Not the inventor/author:

  • An assistant who just executes the experiments, assembles the invention, provides consultation, etc
  • The supervisor or department manager of the person who conceived the idea
  • A person who:
    • only discovers the problem (unless they contribute to the solution).
    • conceives of the result to be obtained, but not the idea of how to achieve it.
    • provides a suggestion or improvement but does not work to fit the suggestion or improvement into the invention.
  • Someone whose only contribution is:
    • reducing an invention to practice by exercising ordinary skill in the art.
    • an obvious element to the invention.
    • participation in consultations about the invention before or after the conception of the invention.

 

A patent is a government-issued legal document that provides intellectual property protection and a right that:

  • Allows the inventor/author to exclude others from using the idea.
  • Is enforceable once issued.
  • Is granted for up to 20 years from filing.

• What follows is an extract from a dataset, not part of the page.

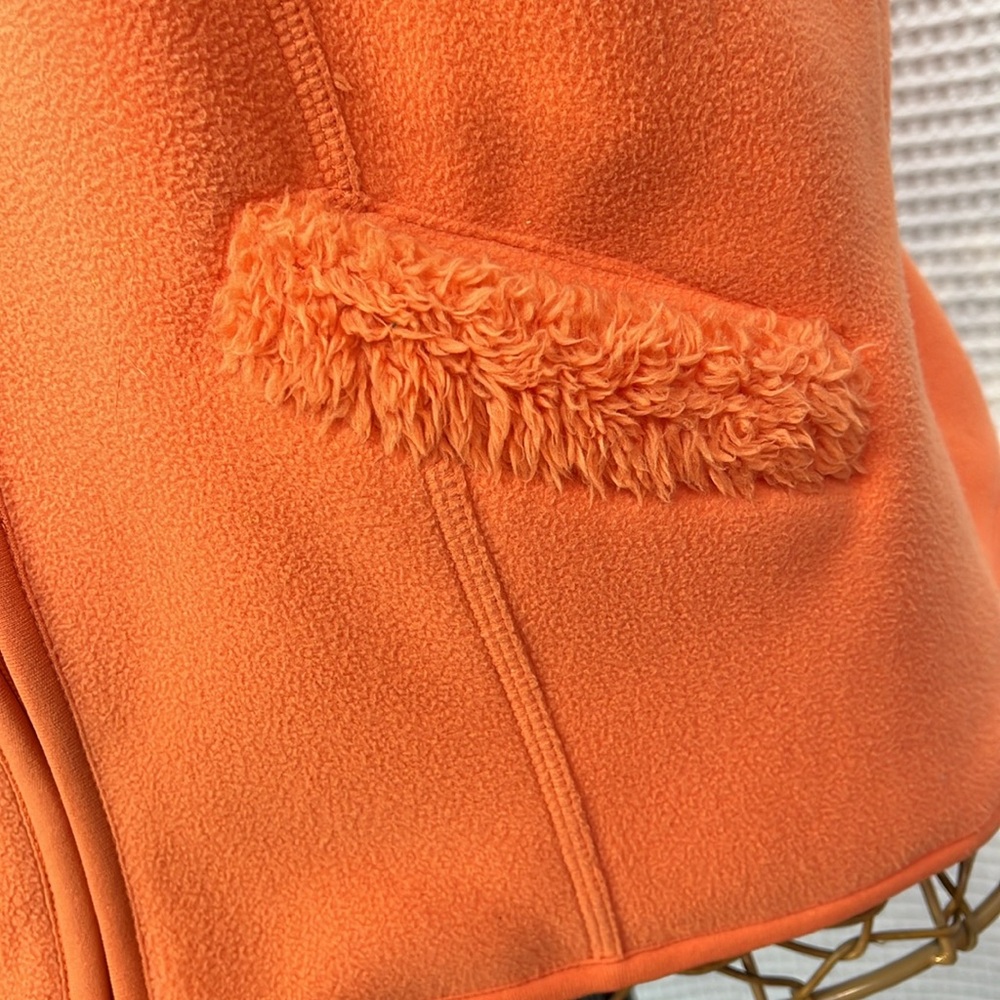 Coldwater Creek Women’s Outerwear Vest. EUC.  Size Medium. Tangerine Fleece. - Picture 2 of 8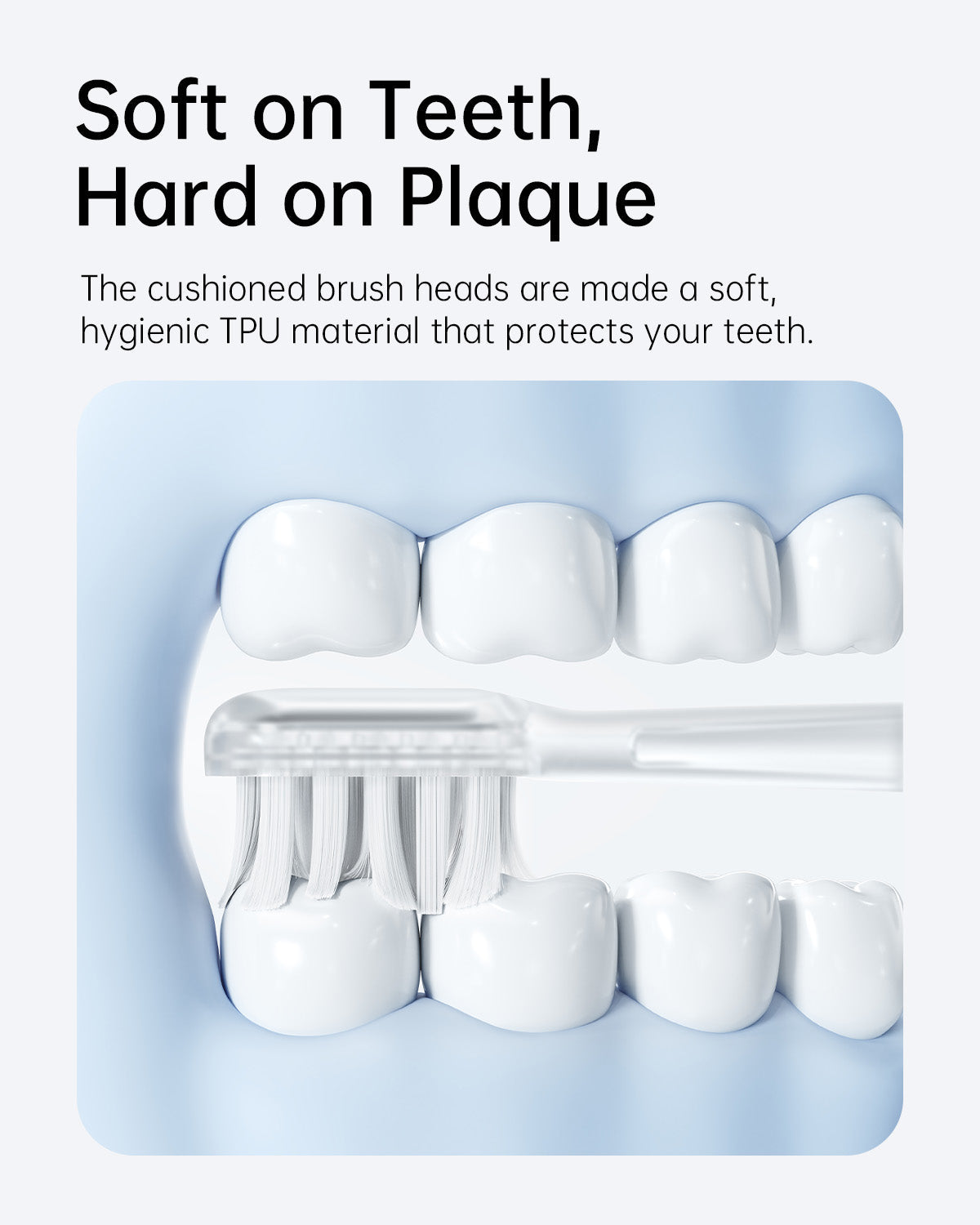 Laifen Wave toothbrush heads 6-pack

The are two types of patents: 

  • Provisional: an initial formal document that shows that the inventor/author was in possession of the invention on the filing date.
  • Non-provisional: a formal document claiming the invention and filed under one of the following categories: 
    • Utility patent 
    • Design patent 
    • Plant patent 

For more information about patents, please click HERE.

 

A public disclosure is an oral or written form of non-confidential communication regarding the details of the invention. A public disclosure without prior-to-patent filing may result in the disqualification of patent rights. Information disclosure regarding the invention to a party under a Non-Disclosure Agreement (NDA) is considered confidential and is not qualified as a public disclosure.

A non-disclosure agreement (NDA) is a written document that provides a legal agreement between parties to keep all information, materials, and knowledge that is disclosed confidential.

 

A copyright is the legal right of the creator that is subject to protection from unauthorized use/duplication that:

  • Exists as a right from the moment of creation.
  • Is enforceable once issued.
  • Allows the creator to give permission/authorization to someone to reproduce or use the product.
  • Can be owned by a human or an organization.
  • Is granted for 70+ years.

For more information about copyright, please click HERE.

 

Any original and fixed product that involved noteworthy mental activity and independent thinking for its creation qualifies for copyright protection. This type of work is known as an Original Work of Authorship (OWA). It must be in tangible form — fixed. The original work belongs to a creator even without registration with the government. Registered copyright is required to bring a legal action for infringement/plagiarism.

Trade secrets are the intellectual property right on confidential information that gives you an advantage and that may be sold or licensed. 

Confidential information must be:

  • Commercially valuable. 
  • Known to a limited number of people.
  • Subject to secrecy measures.

For more information on trade secrets, please click HERE.

A trademark (™) is any:

  • Design
  • Word
  • Brand name
  • Symbol
  • Phrase
  • Numeral
  • 3-D shape 
  • Packaging of goods 
  • Non-visible sign, like a sound 
  • Color shades

that distinguishes you from others.

Trademark also:

  • Identifies the source of your goods or services.
  • Provides legal protection for the creator’s brand.
  • Helps you guard against counterfeiting/fraud.
  • Is enforceable once registered.
  • Is granted for up to 10 years and can be renewed.